RAW DATA
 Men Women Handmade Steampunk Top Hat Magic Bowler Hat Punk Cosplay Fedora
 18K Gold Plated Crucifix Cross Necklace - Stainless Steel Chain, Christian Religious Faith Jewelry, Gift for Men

...

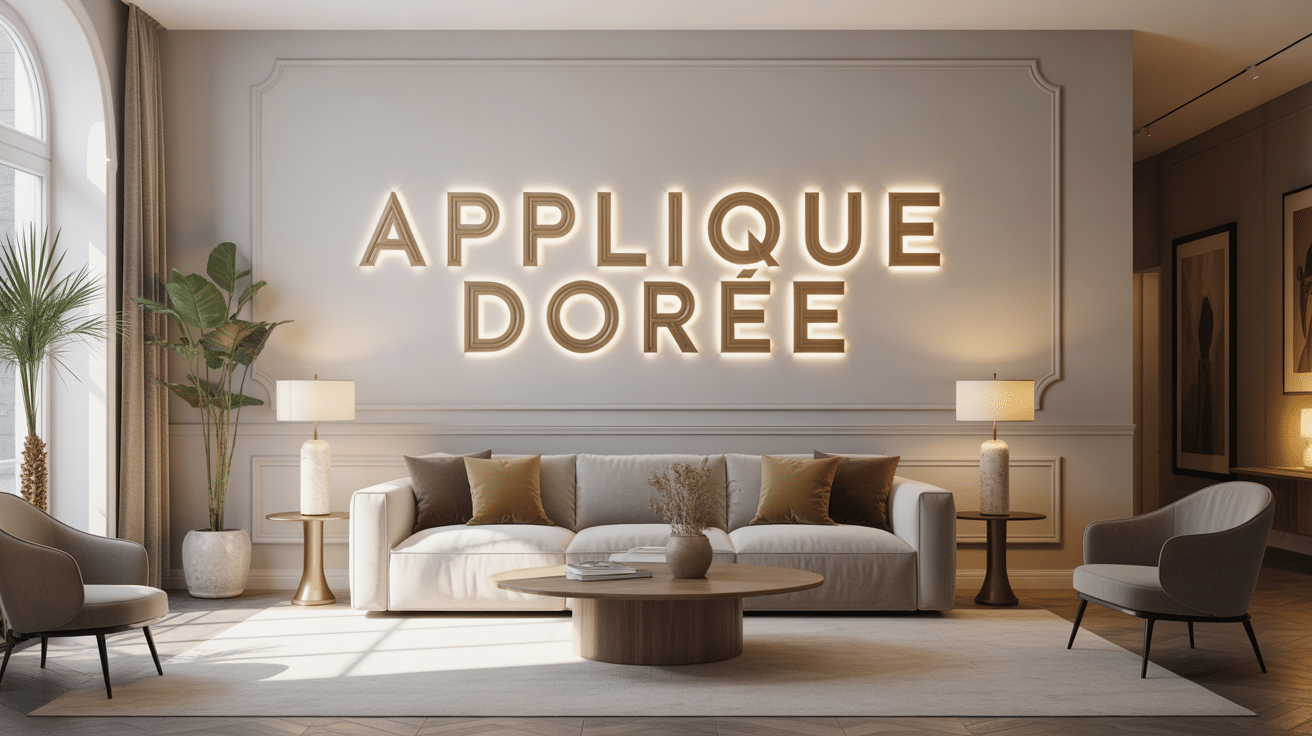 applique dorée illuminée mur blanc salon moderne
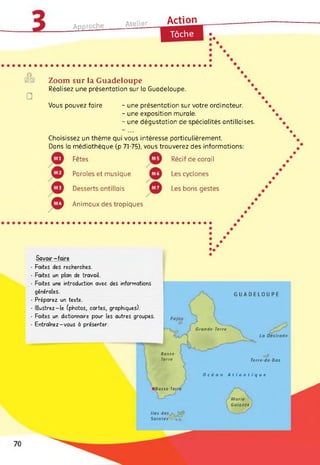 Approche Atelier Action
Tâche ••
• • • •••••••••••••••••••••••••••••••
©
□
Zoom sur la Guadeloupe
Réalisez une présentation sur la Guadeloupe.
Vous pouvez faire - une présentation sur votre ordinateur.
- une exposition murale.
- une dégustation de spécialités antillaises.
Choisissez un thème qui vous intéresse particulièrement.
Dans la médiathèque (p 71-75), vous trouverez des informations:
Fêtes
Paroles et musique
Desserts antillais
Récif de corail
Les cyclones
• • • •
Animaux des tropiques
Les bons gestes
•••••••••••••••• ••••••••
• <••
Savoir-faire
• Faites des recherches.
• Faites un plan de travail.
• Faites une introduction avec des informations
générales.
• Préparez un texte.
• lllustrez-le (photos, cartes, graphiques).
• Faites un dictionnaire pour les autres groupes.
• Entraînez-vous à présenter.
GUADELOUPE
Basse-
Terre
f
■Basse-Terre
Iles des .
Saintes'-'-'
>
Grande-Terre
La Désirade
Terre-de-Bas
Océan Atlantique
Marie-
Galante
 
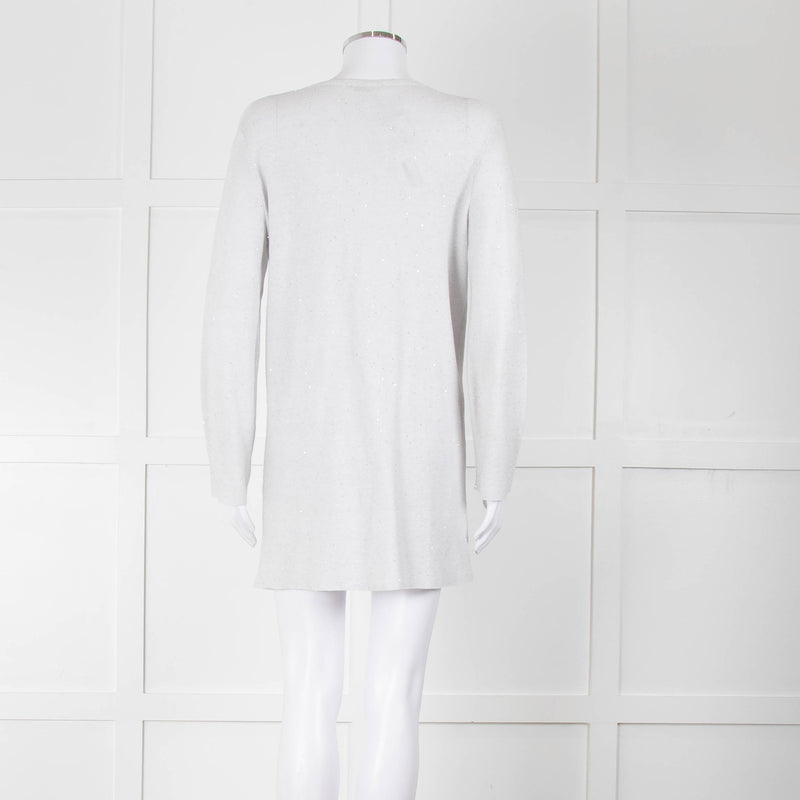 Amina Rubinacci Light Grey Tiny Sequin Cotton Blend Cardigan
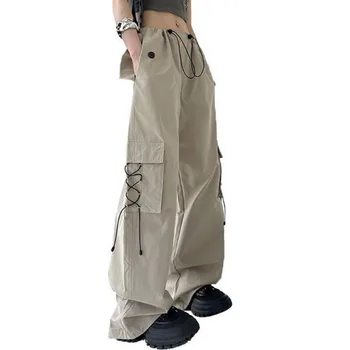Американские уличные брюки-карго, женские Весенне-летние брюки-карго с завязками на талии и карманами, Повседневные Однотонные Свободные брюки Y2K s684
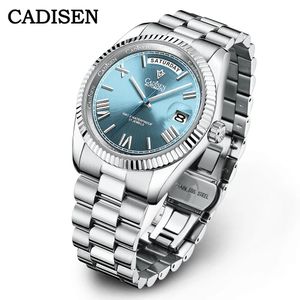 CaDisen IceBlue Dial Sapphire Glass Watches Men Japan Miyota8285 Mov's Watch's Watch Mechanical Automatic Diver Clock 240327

WHAT IS BEING ASKED
Extract from the listing above the lines between the line containing "Vous pouvez faire" and the line containing "plan de travail.", keeping both of those lines. Output nothing else.

SOLUTION TO THE PROBLEM
Vous pouvez faire - une présentation sur votre ordinateur.
- une exposition murale.
- une dégustation de spécialités antillaises.
Choisissez un thème qui vous intéresse particulièrement.
Dans la médiathèque (p 71-75), vous trouverez des informations:
Fêtes
Paroles et musique
Desserts antillais
Récif de corail
Les cyclones
• • • •
Animaux des tropiques
Les bons gestes
•••••••••••••••• ••••••••
• <••
Savoir-faire
• Faites des recherches.
• Faites un plan de travail.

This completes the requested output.